Zum Urteil des Arbeitsgerichts Kiel, Urteil vom 7. Januar 2014 – 2 Ca 1793 a/13, ein Artikel von Alexander Bredereck, Fachanwalt für Arbeitsrecht Berlin und Essen.
Ausgangslage:
Im vorliegenden Fall hatte eine Reinigungskraft, die als Objektleiterin beschäftigt war, ihre Tätigkeit über zwei weitere, auf geringfügiger Basis beschäftigte Mitarbeiterinnen abgerechnet. Diese waren jedoch offensichtlich nicht selbst tätig und zahlten der Objektleiterin das erhaltene Arbeitsentgelt später aus. Nachdem der Geschäftsführer davon Kenntnis erlangt hatte, sprach er eine fristlose, hilfsweise ordentliche Kündigung aus. Die Arbeitnehmerin brachte zu ihrer Rechtfertigung vor, die von ihr angewendete Praxis auf einen früheren Vorschlag des örtlichen Betriebsleiters zurückgehe, mit dem sie diese dann auch jahrelang zusammen umgesetzt hatte.
Entscheidung:
Die Kündigungsschutzklage wurde vom Arbeitsgericht Kiel abgewiesen. Zwar sei die fristlose Kündigung formunwirksam gewesen, die ordentliche Kündigung dagegen jedoch wirksam. Dabei war die Frage, ob die Behauptung der Arbeitnehmerin hinsichtlich des Vorschlags vom örtlichen Betriebsleiter zu der maßgeblichen Vorgehensweise zutreffend war, vom Arbeitsgericht ausdrücklich offengelassen worden. Auch für den Fall, dass dies der Wahrheit entspreche, hätte die Klägerin nicht davon ausgehen können, eine solche Praxis würde auch von der überörtlichen Geschäftsführung gebilligt. Somit liege eine Verletzung der Rücksichtnahmepflicht gemäß § 241 BGB in schwerwiegender Hinsicht vor. Angesichts ihrer Kenntnis, dass durch die Praxis Gesetze umgangen wurden und der Schwere der Verfehlung sowie der Vorbildfunktion der Klägerin konnten deren langjährige Betriebszugehörigkeit, Schwerbehinderung und ansonsten beanstandungsfreie Tätigkeit hier nicht überwiegen. Eine vorherige Abmahnung sei nicht erforderlich gewesen. Mit ihrem Verhalten habe die Klägerin in erster Linie sich selbst begünstigt und konnte nicht ernsthaft eine Billigung der vom Betriebsleiter vorgeschlagenen Praxis von der auswärtigen Geschäftsführung erwarten.
Bewertung:
Bisher liegt nur eine Pressemitteilung vor der Entscheidung vor. Zweifelhaft erscheint aus meiner Sicht allerdings zumindest die Annahme, dass die Klägerin mit ihrem Verhalten in erster Linie sich selbst begünstig hat. Anhängig von der Höhe des Entgeltes der Arbeitnehmerin ist davon auszugehen, dass auch der Arbeitgeber von dem Verfahren profitiert hat, da er der Betroffenen andernfalls eine höheres Arbeitsentgelt hätte zahlen müssen. Wenn der örtliche Betriebsleiter das Verhalten tatsächlich vorgeschlagen hätte, ist mit Sicherheit davon auszugehen, dass auch der Arbeitgeber davon profitiert hat.

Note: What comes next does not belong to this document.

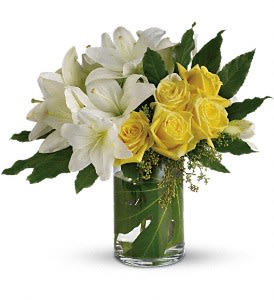 White lilies and yellow roses in a clear glass vase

In jedem Fall ist es aber zutreffend, dass eine Abmahnung nicht erforderlich war. Das Urteil ist nicht rechtskräftig, beide Seiten können Berufung einlegen. Die Akte wird nun der Staatsanwaltschaft übersandt, die sicherlich aufklären wird, wer welche Kenntnis von welchen Vorgängen hatte. Wenn der den Arbeitgeber vertretene örtliche Betriebsleiter das Verfahren tatsächlich vorgeschlagen haben sollte, wäre meiner Ansicht nach auch eine abweichende Beurteilung durch das Landesarbeitsgericht denkbar.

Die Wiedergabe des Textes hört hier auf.